This is related to Chpt 5, Sec 1(Quadratic Residue) Algebraic Number Theory by Taylor Frohlich
Narrow ideal class group is defined by quotient $C^+=\frac{I}{P^+}$ where $I$ is the set of fractional ideals and $P^+$ is the abelian group generated by all positive principals remaining positive under all real embedding.
Let $p,q$ be primes. Let $p,q^\star\equiv 1(\mod 4)$ where $q^\star=(-1)^{\frac{q-1}{2}}q$. Suppose $(\frac{q^\star}{p})=1$. Then $q^\star$ splits in $Q(\sqrt{p})$. Since $Q(\sqrt{p})$'s discriminant has only $p$ as prime divisor, $h(Q(\sqrt{p})$ is odd where $h(X)$ is the class number of number ring associated to the number field $X$. However $p=SS^\sigma$ where $S$ is the prime ideal lying above $p$ and $\sigma:\sqrt{p}\to-\sqrt{p}$.

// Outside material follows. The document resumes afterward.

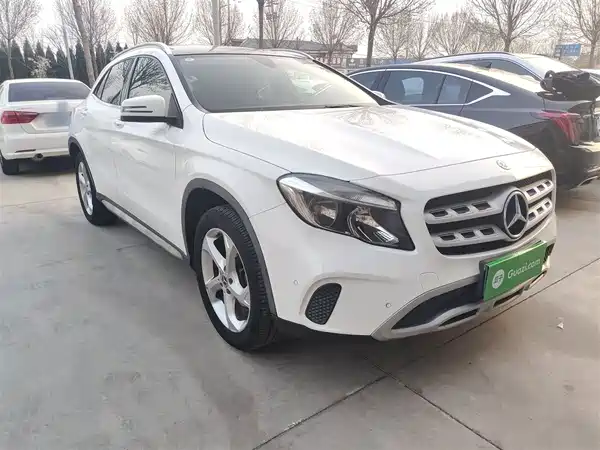 Mercedes-Benz GLA 2017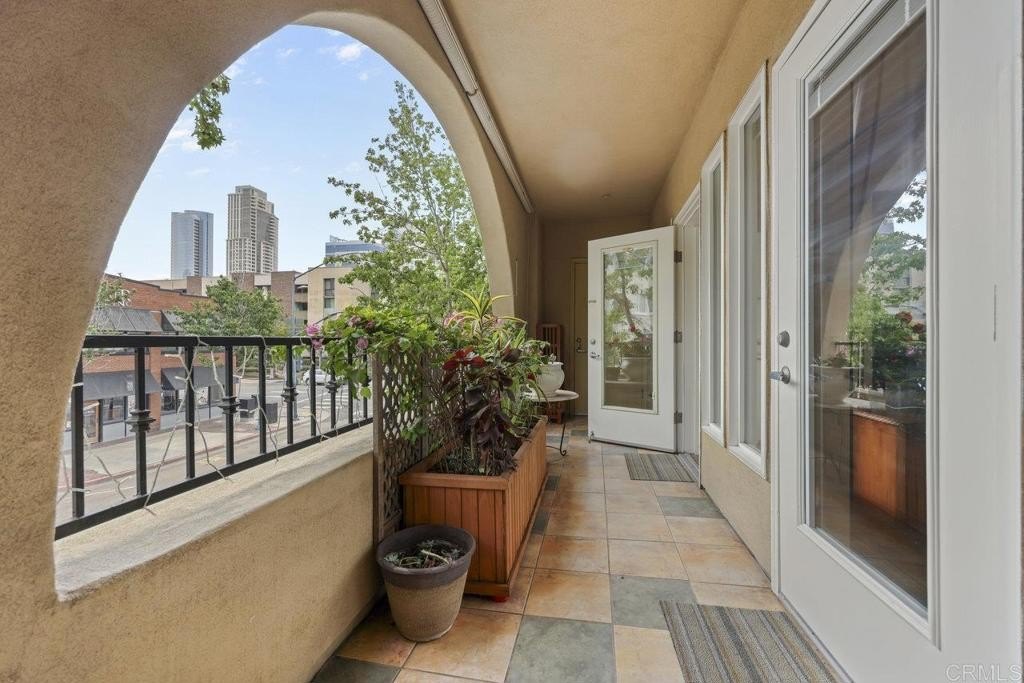 San Diego, California, 92101, United States, 2 Bedrooms Bedrooms, ,3 BathroomsBathrooms,Residential,For Sale,1856536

$\textbf{Q:}$ Then the book says $S$ in narrow ideal class group is a square by class number odd. I do not see any particular obvious reason this has to be the case. Why is $\bar{S}\in C^+$ square? Probably one needs $(C^+)^2=(C^+)^{1-\sigma}$. I think I should consider $C_K\to C_K$ by $x\to x^2$ automorphism where $C_K$ is the class group. Since $h_O$ odd, kernel is trivial and this yields bijection by finiteness of $C_K$. Hence every $C_K$ representative is a square. Then $C^+\to C_K$ is surjection. Hence $S$ is a square in $C^+$. Is this correct?